Dengan HET untuk beras medium 9.450/kg maka penggilingan-penggilingan kecil dan menengah yang dihantam karena untuk sekedar beroperasi saja sudah minus. Ujung-ujungnya penggilingan tidak akan beroperasi dan terjadi kelangkaan beras di lapangan.
Ironisnya, kondisi tersebut sudah mulai terjadi dengan indikasi dari lapangan adalah harga gabah di 5.600 per kg. Lalu harga pokok penjualan (HPP) penggilingan pada tingkat 10.000 per kg, lalu HET beras medium 9.450 per kg. Dengan fakta-fakta itu maka kondisi ril pada agen-agen beras kecil seputar Jabodetabek menunjukkan jumlah beras yang mulai berkurang pasokannya. Kalaupun ada harganya sudah di atas 10.000/kg untuk beras yang bagus dan harga 9.000/kg untuk beras yang kurang bagus.
Pelajaran apa yang bisa dipetik dari fakta-fakta ini? Bahwa pemerintah melalui Satgas Pangan hanya serius dan ketat mengawasi (mantengin) harga beras di pasar induk agar sesuai HET tapi belum melakukan aksi bagaimana menurunkan harga secara umum sesuai HET. Padahal, langkah itu bisa dilakuka dengan operasi pasar.
Apakah dengan mengeluarkan kebijakan penentuan HET beras itu sebuah solusi terhadap kondisi yg terjadi di lapangan? Apakah sudah ada solusi?
Patut dicatat bahwa saat ini baru bulan September saja kondisi perberasan sudah seperti ini. Bagaimana pada bulan Oktober, November, Desember dan Januari? Sementara stok pemerintah yang ada di Gudang Bulog hanya sekitar 1,7 juta ton yang itupun peruntukannya untuk rastra kurang lebih 220.000 ton per bulan dan cadangan bencana. Bulog tidak punya pasokan beras medium dan premium baik lewat pengadaan dalam negeri maupun impor untuk operasi pasar saat harga beras sudah di atas 10.000 per kg.
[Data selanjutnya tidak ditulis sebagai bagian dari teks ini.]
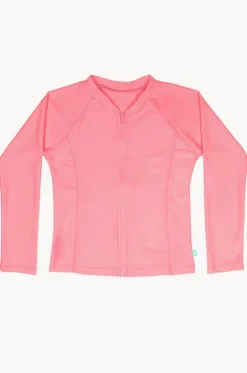 Girls Long Sleeve Zip Suntop|Salty Ink New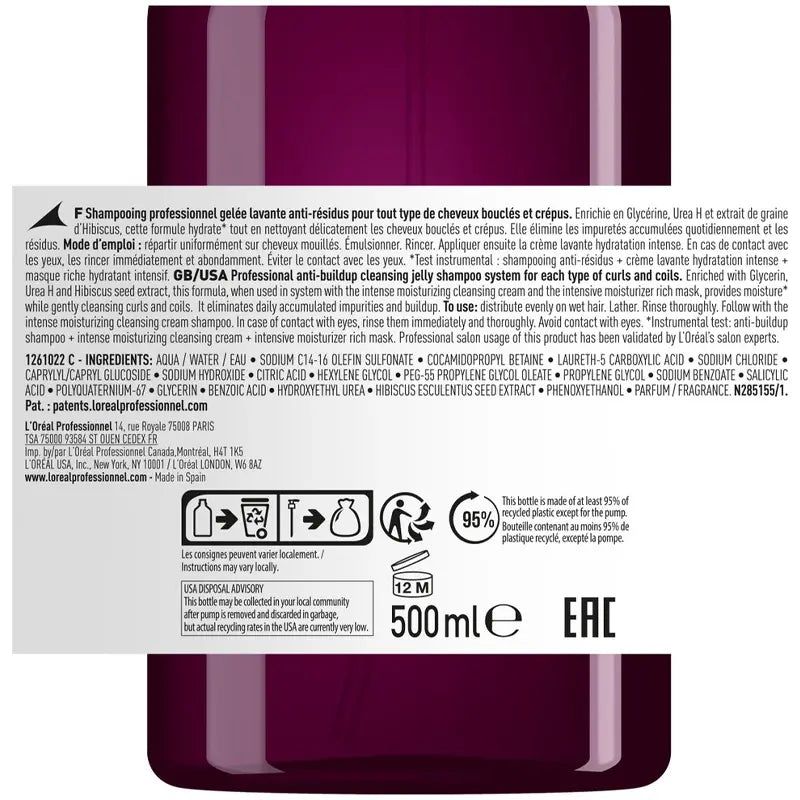 L'Oreal Professionnel Curl Expression Shampoo for Defined Curls 500ml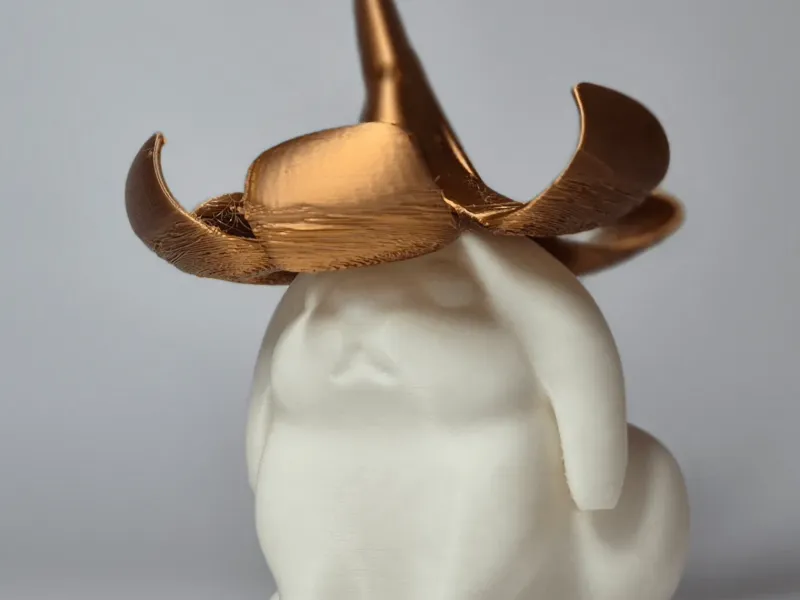 Cute Floppy Eared Bunny with Trumpet Lily Flower Hat!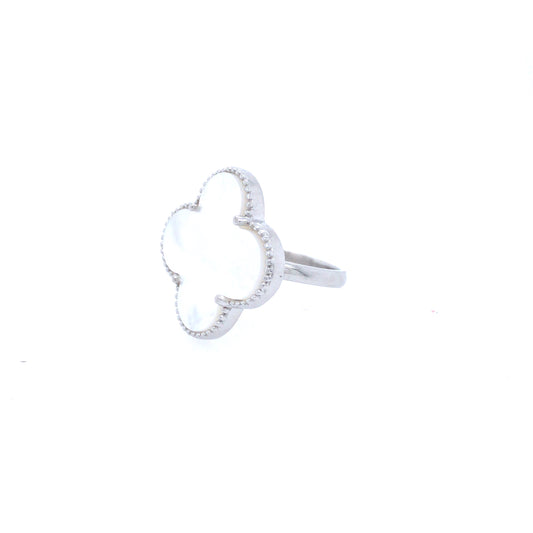 Sterling Silver Clover Ring - HK Jewels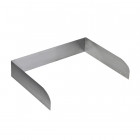 Poubelle borne à déchets avec trappe basculante capacité 120 litres 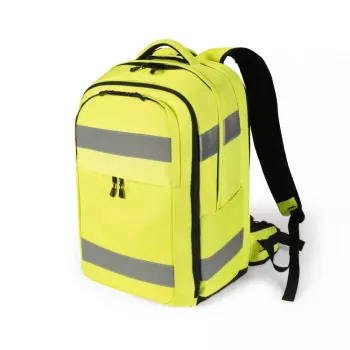 Mochila DICOTA Hi-Vis amarilla certificación EN ISO 20471:2013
Kalau kondisi seperti ini dibiarkan saja maka yg akan terjadi adalah masyarakat resah dengan harga yang membumbung tinggi. Jangan sampai niat baik pemerintah tidak diikuti dengan implementasi yang benar dan strategi yang tepat sehingga rakyat hanya jadi korban. Ditambah lagi dengan kondisi perpolitikan nasional yang masih semrawut maka tidak menutup kemungkinan bakal memicu atau dimanfaatkan pihak-pihak yang mempunyai kepentingan. Ingat, kekisruhan sebagian besar perpolitikan dunia salah satunya dipicu oleh masalah perut. Indonesia punya banyak pengalaman tersebut sehingga seharusnya bisa diantipasi. Semoga pemerintah punya jalan keluar untuk mengantisipasi lima bulan ke depan dan dalam jangka panjang bisa mewujudkan kedaulatan pangan.
Petrus Budiharto
Praktisi perberasan yang juga Ketua Bidang Pemberdayaan dan Pendampingan
Perkumpulan Petani dan Nelayan Nusantara (Peta Nusa).